9 (Dir. Shane Acker, 2009)
I have the feeling that future historians are going to think that we, or at least the film makers of our time, had a ginormous global death wish - what with all the post apocalyptic movie premises out there.
And we haven't even gone down THE ROAD yet either!
So with another "world after war" weary setting comes the animated 9, which is opening conveniently enough tomorrow on 9/09/09 (mind you, this year also offers DISTRICT 9 and NINE).

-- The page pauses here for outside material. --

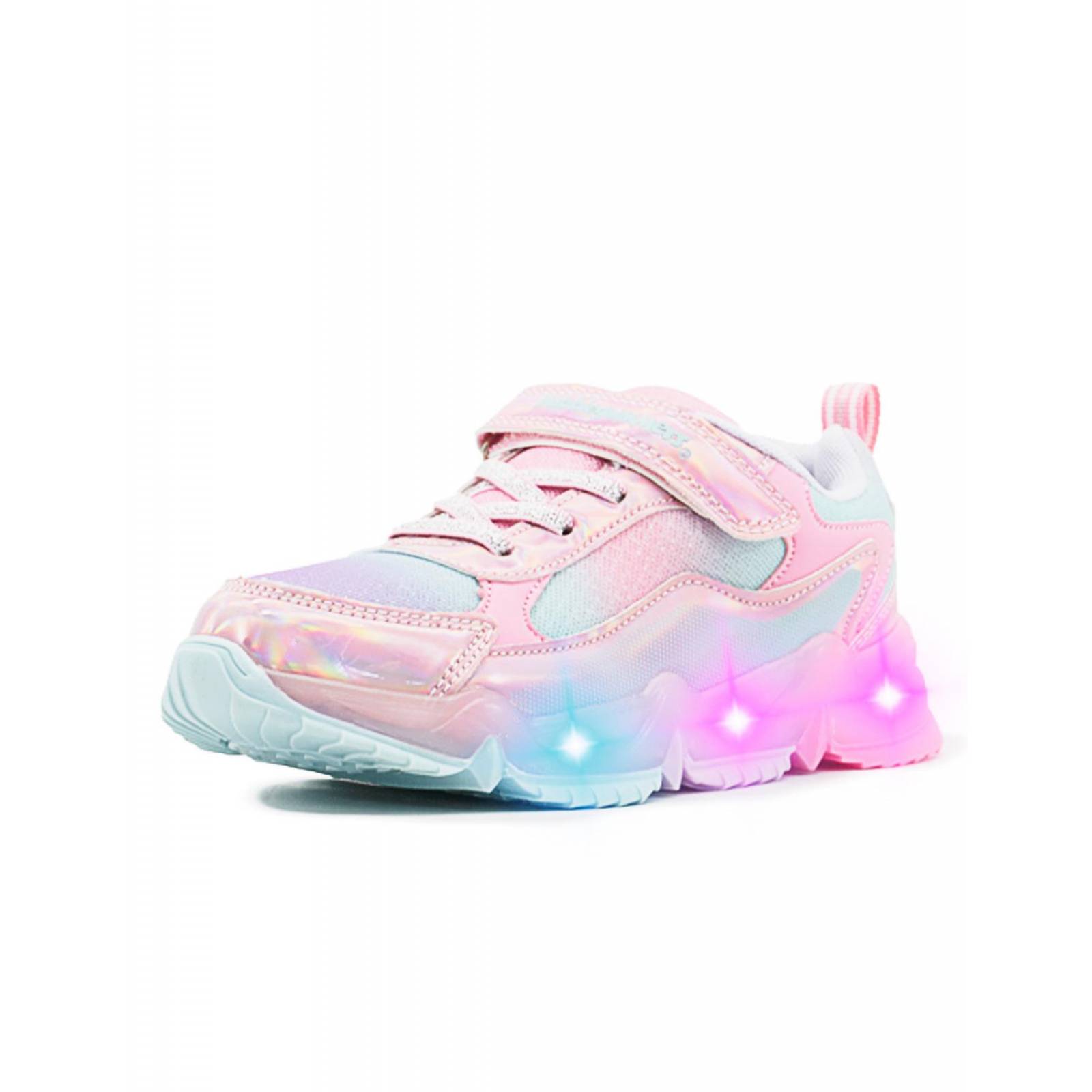 Tenis Bubble Gummers Saiko Para Niñas Con Luces Casuales 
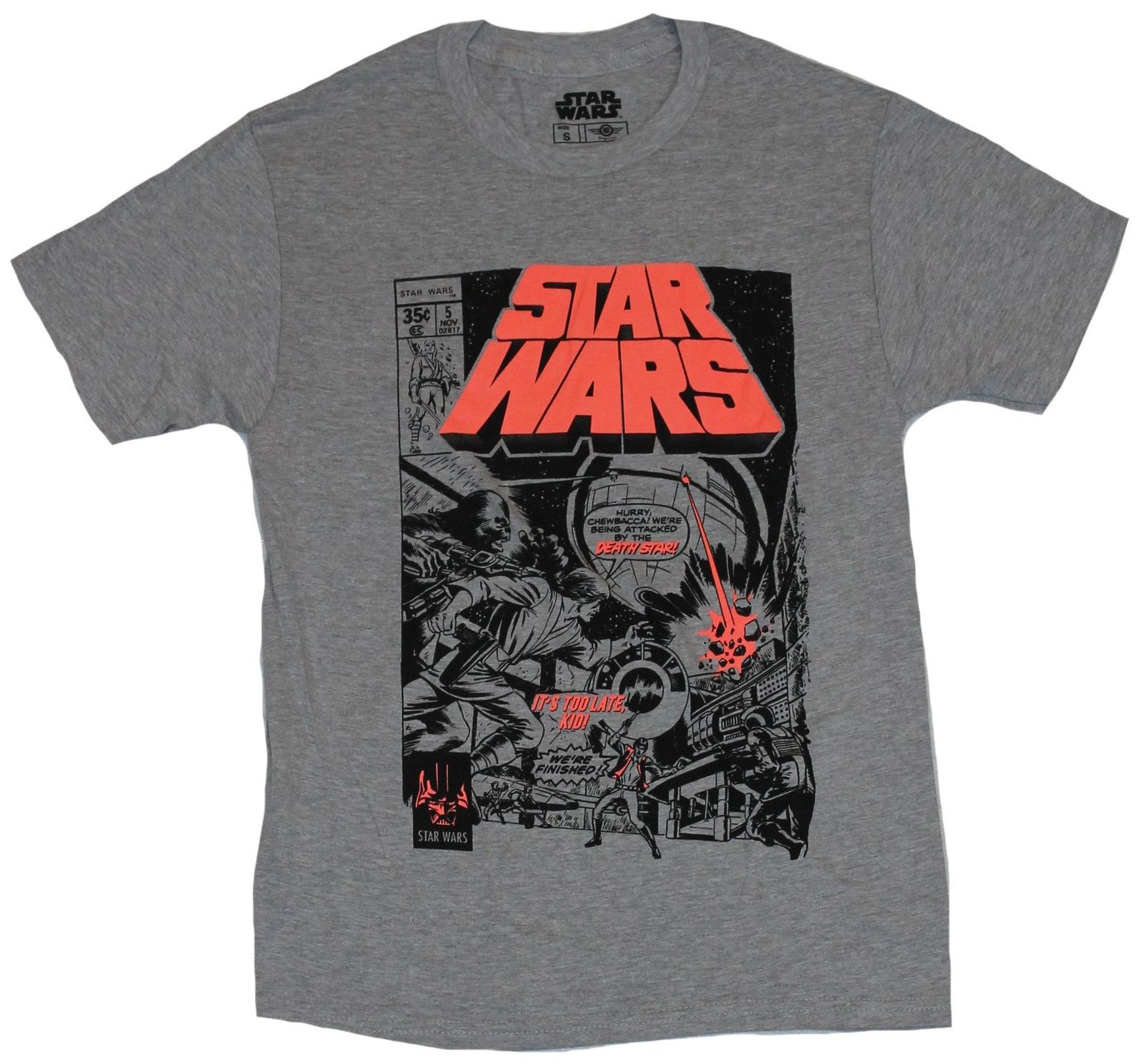 Star Wars Adult New T-Shirt - Orange Titled Issue 5 Comic Cover Pic XXXXL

In the film though 9 isn't a date, it's the number given to a "stitch punk" - the ninth sentient rag doll made by a scientist (voiced by Alan Oppenheimer) as the world was on the brink of destruction.

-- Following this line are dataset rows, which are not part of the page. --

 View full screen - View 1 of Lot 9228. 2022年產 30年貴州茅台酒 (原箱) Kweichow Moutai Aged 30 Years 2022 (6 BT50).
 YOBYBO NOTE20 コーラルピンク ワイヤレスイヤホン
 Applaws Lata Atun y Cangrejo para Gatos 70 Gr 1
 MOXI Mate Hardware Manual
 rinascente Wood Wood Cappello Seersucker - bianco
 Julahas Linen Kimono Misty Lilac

After 9 (Elijah Wood) comes to in the home of the scientist he finds the other rag dolls (1-8) hiding in the rubble from evil creature-like machines that are hunting them through the darkness.
This is not a movie that necessarily needs name actors to provide voices but they're there - joining Wood as his fellow stitch punks is Christopher Plummer, Jennifer Connelly, Crispin Glover, Martin Landau, and seemingly the sole source of humor and warmth in the entire project - John C. Reilly (Reilly has what may be the one single funny line).
9 rallies the rag dolls to stand up and fight the tyrannical mechanical monsters, believing that he's discovered the means and the meaning behind it all to defeat them.
Resembling a TERMINATOR movie as imagined by Tim Burton (who executive produced), 9 is too dark and scary for kids (hence its PG-13 rating) and it's strained structure may be too dragging for adults.
It's too thin a narrative to even fill its short running time (79 minutes); it's as if its only ambition was to be aesthetically absorbing. Still, there are a few top notch action sequences and I adored one intensely striking scene in which the stitch punks find a phonograph and put the needle down on "Somewhere Over The Rainbow" for a brief relaxed interlude while the machines slowly approach on the horizon.
9 is an admirable effort on many levels, mostly in the high caliber of the animation, but ultimately comes off as cold and dystopian as the world our rag doll rebels are struggling to rise above.